**Problem statement:** Without the pictures, give the entries below again exactly as written.
[Information given — start]
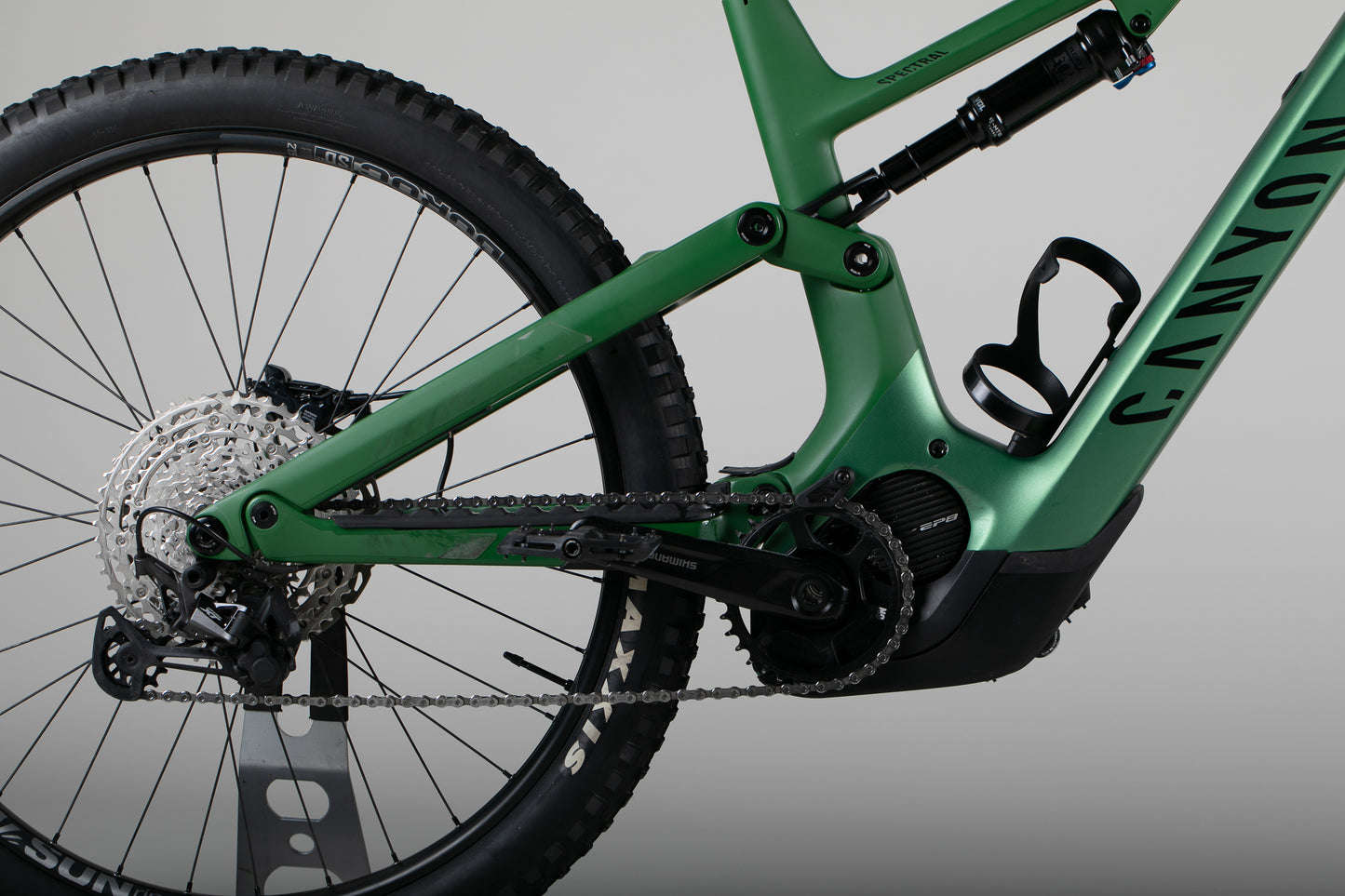 Canyon Spectral:ON CF8 - käytetty sähköpyörä 183-191 cm ajajalle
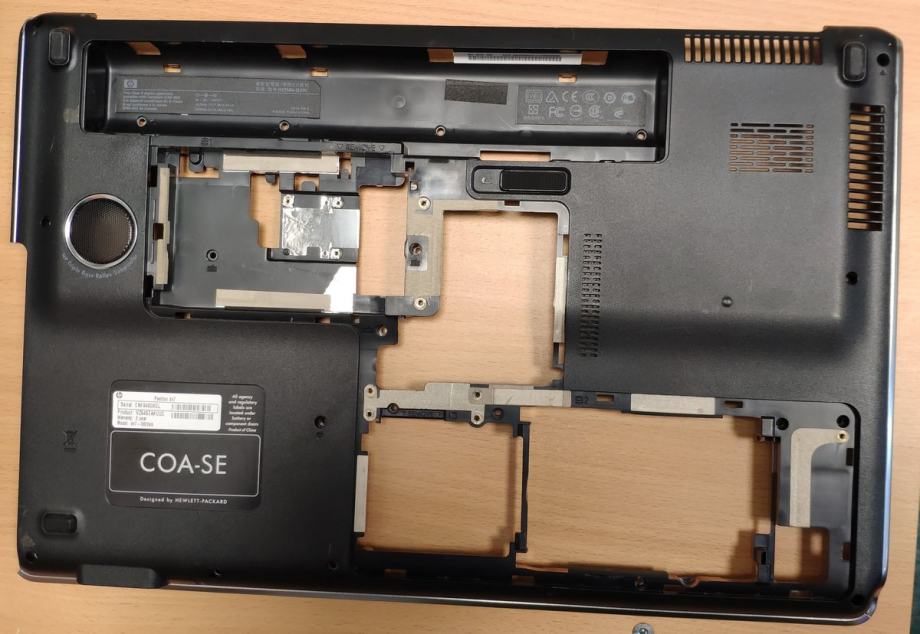 HP Pavilion dv7-3020eb ohišje (spodnji del, zgornji del s touchpadom, LCD pokrov komplet)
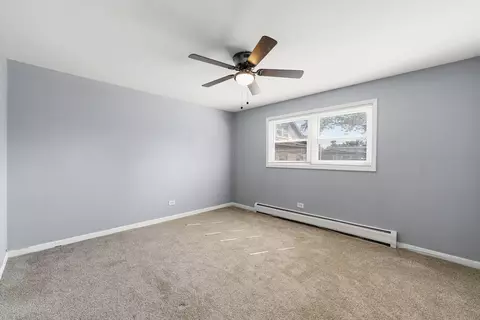Bedroom - 4545 Prescott Ave #207, Lyons, IL 60534 photo 1 of 4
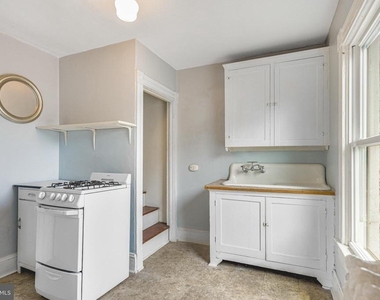 1004 Prince Edward Street - Photo Thumbnail 5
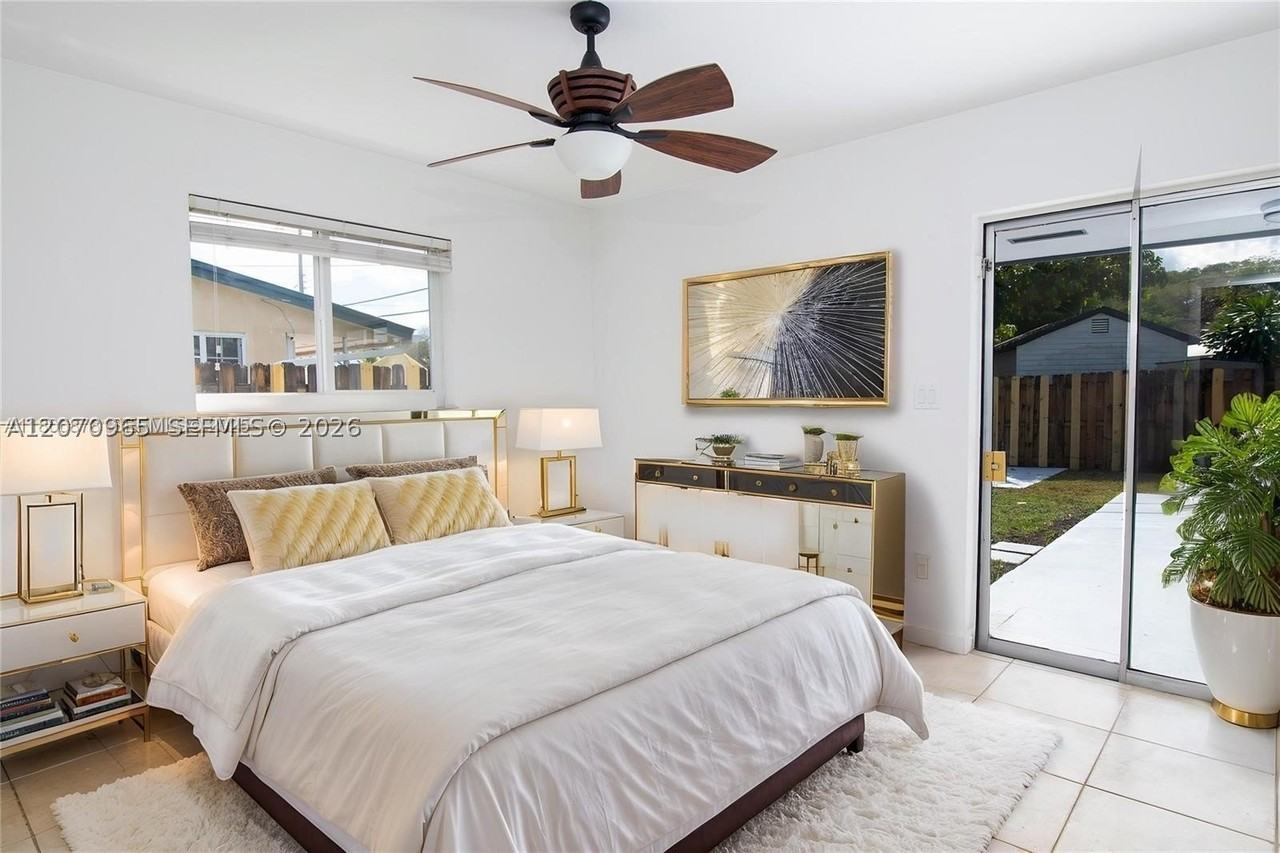 9310 Sw 57th Ter - Photo 7 of 11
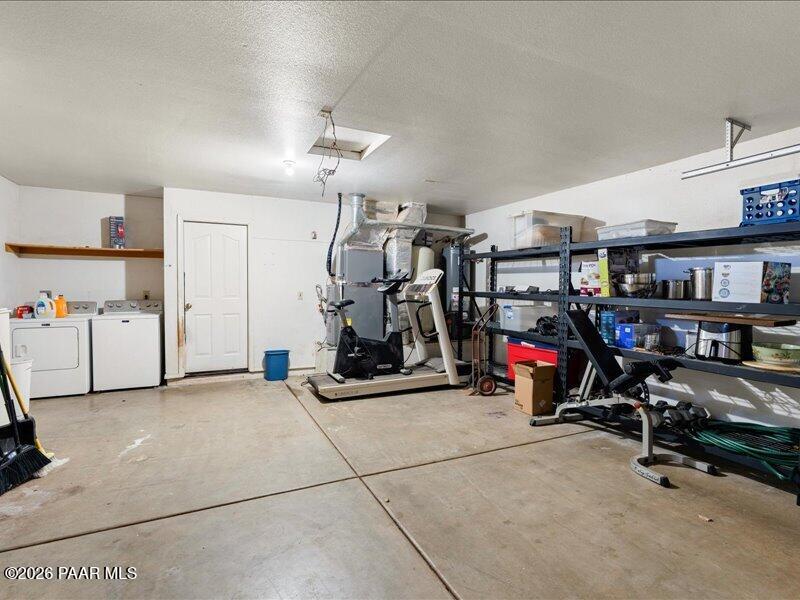 2075 Big Chino Road Paulden, AZ 86334 - Photo 11 of 32 11-Garage & Laundry Area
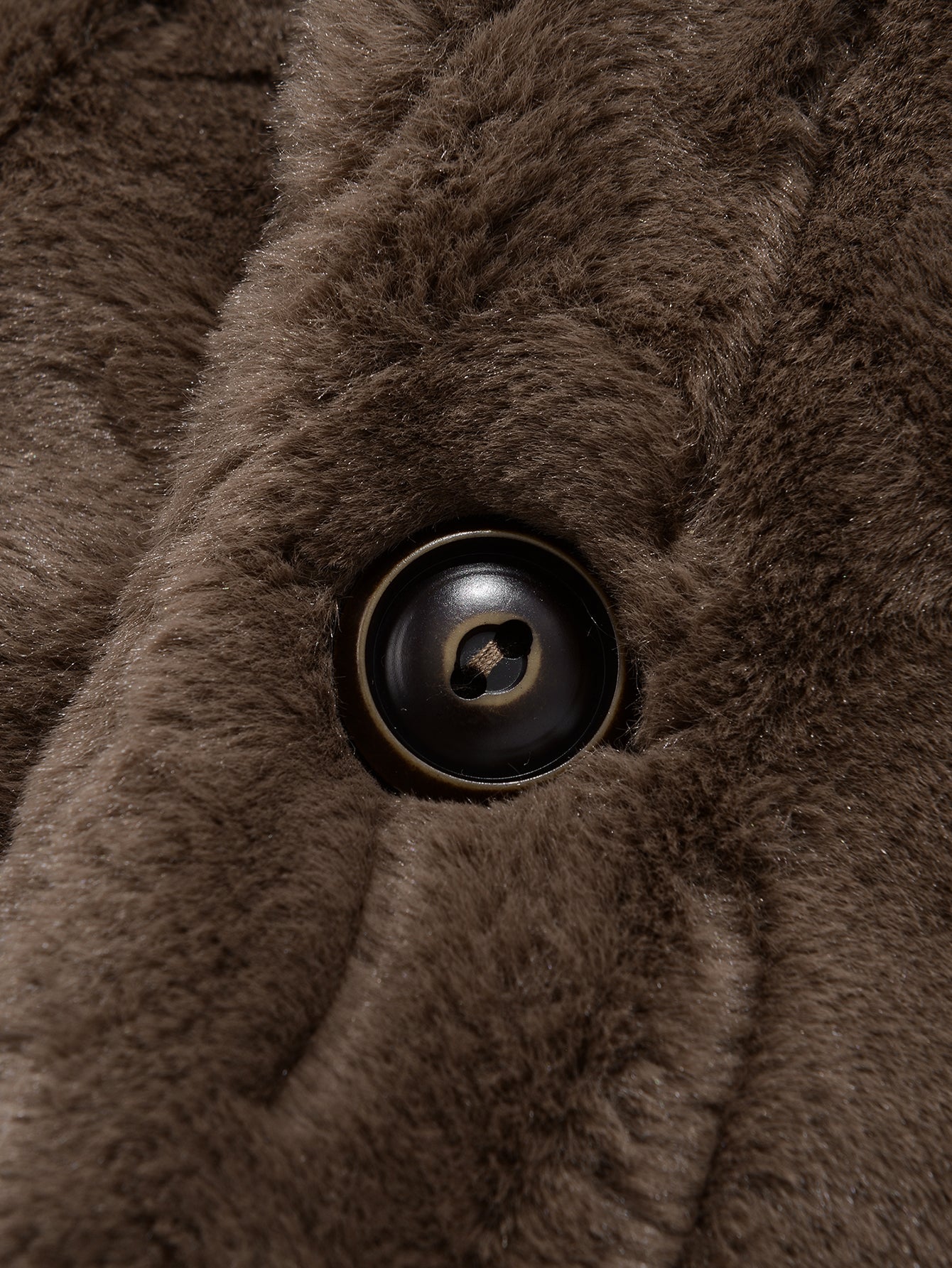 Langärmeliger Kunstpelz-Mantel mit Schalkragen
[Information given — finish]
**Task response:**
 Canyon Spectral:ON CF8 - käytetty sähköpyörä 183-191 cm ajajalle
 HP Pavilion dv7-3020eb ohišje (spodnji del, zgornji del s touchpadom, LCD pokrov komplet)
Bedroom - 4545 Prescott Ave #207, Lyons, IL 60534 photo 1 of 4
 1004 Prince Edward Street - Photo Thumbnail 5
 9310 Sw 57th Ter - Photo 7 of 11
 2075 Big Chino Road Paulden, AZ 86334 - Photo 11 of 32 11-Garage & Laundry Area
 Langärmeliger Kunstpelz-Mantel mit Schalkragen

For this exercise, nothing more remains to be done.